A CAMPAIGN highlighting the dangers of buying counterfeit goods in the run up to Christmas is being promoted by Newport City Council.

The ‘Fake Free Newport’ campaign in partnership with the Intellectual Property Office, aims to spread awareness on how selling counterfeit goods and services damage the local and national economy.

This includes millions of pounds being lost each year alongside risks to the jobs and livelihoods of thousands of UK workers and business owners, the council state.

The campaign was set up in 2016 to help the public shop at honest local businesses and will return this year with council staff visiting Friars Walks on Saturday to give advice to shoppers.

In the past 12 months, Newport council's Trading Standards officers have dealt with hundreds of complaints about counterfeit goods.

These range from illegal media streaming devices and make-up to clothing, perfume, memory cards and bags.

The threat of counterfeit goods have been encountered across may sales platforms including eBay, Facebook, traders premises and the internet and Newport council state it is likely fake goods will be more prevalent during the festive period.

Newport council’s cabinet member for licensing and regulation, cllr Ray Truman, is urging the public to think carefully about buying counterfeit goods.

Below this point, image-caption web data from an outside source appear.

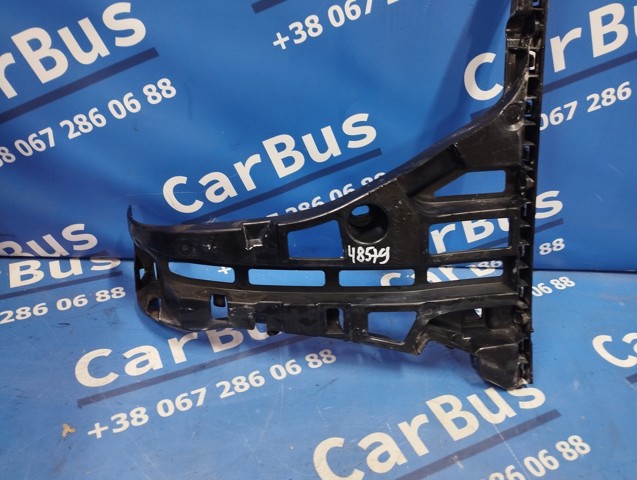 A2228800612 MERCEDES Кронштейн бампера заднего правый купить в Ирпень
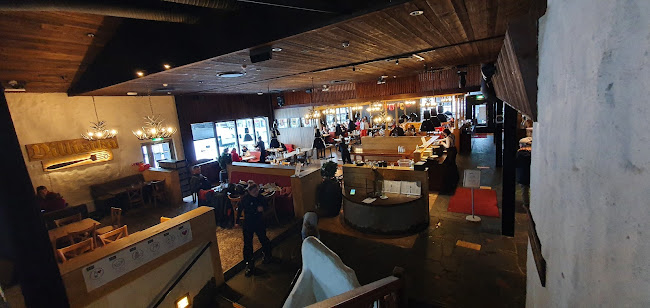 Villisika, Ruka - Kuusamo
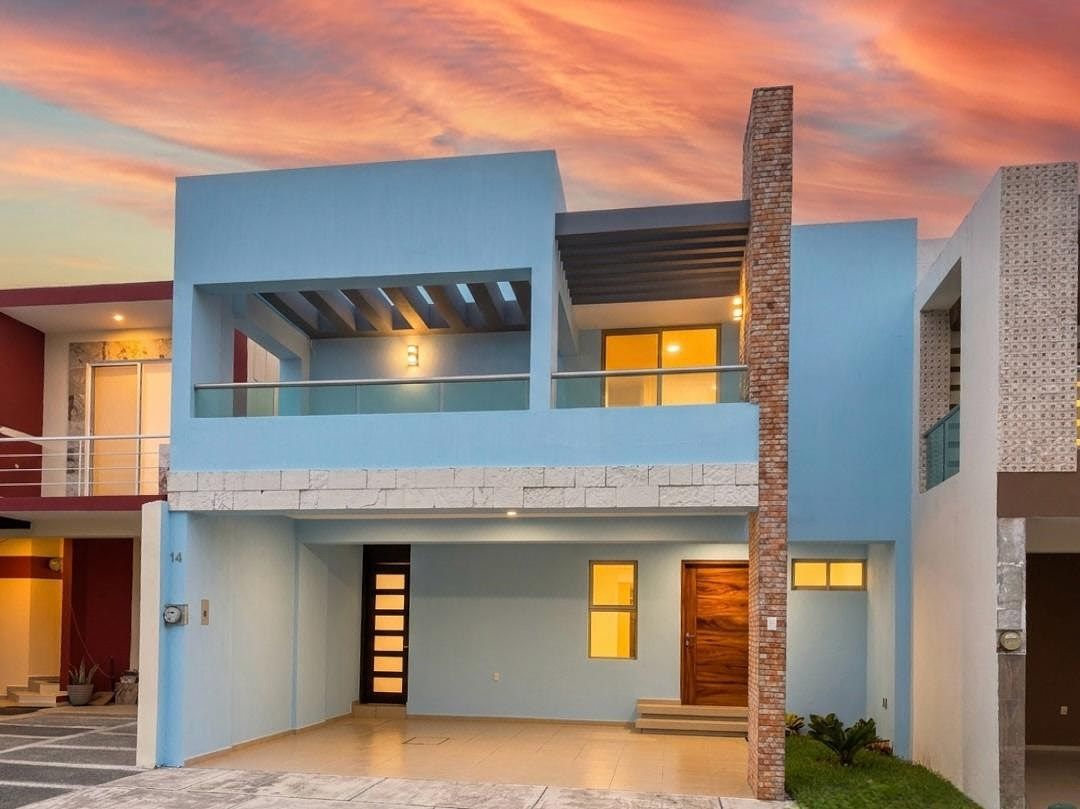 Casa en venta en Lomas de La Rioja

“What may appear as a bargain could end up costing people a lot more," he said.

"Maybe that cheap mobile phone charger you bought could cause a fire, risking the lives of your loved ones."

Scores of Newport traders have already signed up to the Fake Free Newport campaign this year including businesses based in Newport high street, Mendelgief and Spytty Retail Parks and Friars Walk.

Cayzers Menswear in Chepstow Road has also backed the campaign and has been in business since 1905.

Owner Peter Watkins said counterfeit products "destroy traditional brands and damage the brand names".

"They're never going to be the same quality as the brand make and if people start buying fakes then shops and business people all over the country are going to suffer.

"We have enough businesses closing as it is."

On the subject of buying counterfeit goods online, he added: "People are prepared to take the risk if it's a brand they're after and they take that chance. I personally wouldn't".